Visual Fortran Composer XE 2011 not working as Intel Compiler Version 9 did

cholcom4 · ‎05-03-2012

I have written a fortran program that has worked repeatedly with the Intel Compiler Version 9.When I compile the same files in the Microsoft Visual Studio 2008 shell using the Intel Visual Fortran Composer XE 2011 program it no longer works properly. The XE 2011 composer will finish the compiling using the same command "iforttest.f/exe:test.exe", but when I run the program it stops with a NaN (not a number error) where when compiled again with the Version 9 the error does not exist when running the program. I also noticed that when compiled in version 9 the file size is 628 KB, but when compiled with Composer XE the file size is 770 KB. Is there a way to make the compiler on XE to optimize the same as version 9 so the program will still function properly? Does there exist a windows switch setting to compile as if it was version 9?

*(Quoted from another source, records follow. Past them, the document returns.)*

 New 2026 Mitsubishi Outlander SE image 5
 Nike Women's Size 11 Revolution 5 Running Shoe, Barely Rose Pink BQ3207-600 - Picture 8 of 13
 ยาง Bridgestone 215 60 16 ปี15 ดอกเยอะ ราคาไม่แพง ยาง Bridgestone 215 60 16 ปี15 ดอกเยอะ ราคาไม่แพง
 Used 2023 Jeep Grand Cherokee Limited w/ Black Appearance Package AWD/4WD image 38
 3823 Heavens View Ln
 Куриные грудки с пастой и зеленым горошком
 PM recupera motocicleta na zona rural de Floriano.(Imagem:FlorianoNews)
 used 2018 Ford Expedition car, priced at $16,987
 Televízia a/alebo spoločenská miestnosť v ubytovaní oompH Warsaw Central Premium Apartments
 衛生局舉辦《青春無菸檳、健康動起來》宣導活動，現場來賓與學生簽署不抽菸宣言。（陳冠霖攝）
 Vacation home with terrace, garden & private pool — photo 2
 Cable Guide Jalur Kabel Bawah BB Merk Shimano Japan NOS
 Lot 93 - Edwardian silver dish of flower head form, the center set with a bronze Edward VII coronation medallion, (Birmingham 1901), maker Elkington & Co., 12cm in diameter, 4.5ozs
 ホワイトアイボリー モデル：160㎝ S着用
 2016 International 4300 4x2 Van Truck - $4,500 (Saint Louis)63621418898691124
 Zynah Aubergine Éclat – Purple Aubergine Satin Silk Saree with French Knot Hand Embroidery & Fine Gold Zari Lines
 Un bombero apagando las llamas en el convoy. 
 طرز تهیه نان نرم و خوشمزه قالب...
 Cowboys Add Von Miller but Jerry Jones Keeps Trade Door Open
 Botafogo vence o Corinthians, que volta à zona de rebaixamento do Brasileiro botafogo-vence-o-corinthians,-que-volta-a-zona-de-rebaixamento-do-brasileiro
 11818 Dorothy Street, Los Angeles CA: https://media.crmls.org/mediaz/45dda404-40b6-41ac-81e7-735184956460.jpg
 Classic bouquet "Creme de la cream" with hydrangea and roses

Steven_L_Intel1 · ‎05-03-2012

There is no "pretend I am version 9" switch. There are many, many possible reasons for the differences, from errors in your code, unstable algorithms or an error in the compiler. If you'll attach a test program with everything needed to build and reproduce the problem, we'll be glad to take a look.

cholcom4 · ‎05-04-2012

The problem seems to cause a stop and an EPSXFU error per the code below. Is there something in this code that XE 2011 doesnt like but Version 9 does?

FUNCTION EPSXFU(ENTU,CR)

C-

DIMENSION E(30)

C-

A=ENTU

B=A*CR

E0=EXP(-A)

EPSXFU=1.-E0

IF(B.EQ.0.) RETURN

E(1)=A*E0+(A/B)*EXP(-A)*(EXP(-B)-1.)

E(2)=A/2.*(2.*E(1)-A*E0)+A*A/2.*EXP(-(A+B))

ZETA=E0+E(1)+E(2)

FN=2

DO 1000 N=3,30

EN=N

FNM1=FN

FN=FN*EN

E(N)=A/EN*(2.*E(N-1)-A/(EN-1.)*E(N-2))+A**EN*B**(EN-2.)*

& EXP(-(A+B))/FN/FNM1

ZETA=ZETA+E(N)

EPSXFU=1.-ZETA

IF(ABS(E(N)).LT.1.E-5) RETURN

1000 CONTINUE

STOP 'EPSXFU'

END

Steven_L_Intel1 · ‎05-04-2012

Please provide a complete program. My guess is that you are seeing the difference between use of the X87 floating point instructions, default in version 9, and the SSE2 instructions, default in later versions. With X87 you can get operations done in higher-than-declared precision, leading to unpredictable results. Given that your function is comparing against 1E-5, it's possible that doing everything in the declared single precision gives a result outside this range. You should be able to figure this out using the debugger or even print statements.

TimP · ‎05-04-2012

There are several opportunities for source transformation optimization here where an aggressive compiler could stub its toes. It might or might not try to make use of commonality between exp(-a)*exp(-b) and exp(-(a+b)), the common factor a in multiple expressions, the possibilities for elimination of several divisions, et al. It's safer to write in such things so as to give the compiler less latitude.
The most obvious thing, to reinforce what Steve said, if you are comparing ifort 9 and 10 32-bit, is the change of default option from x87 with implied double precision expression evaluation to default SSE without implied double precision. This will have an impact when you don't write the expressions carefully.
However, introduction of debug or print is likely to change how the compiler goes about optimization of your expressions.

cholcom4 · ‎05-04-2012

Sorry I can not provide the complete code since it belongs to acompany. Can you instead provide advise to things I can try instead on my own?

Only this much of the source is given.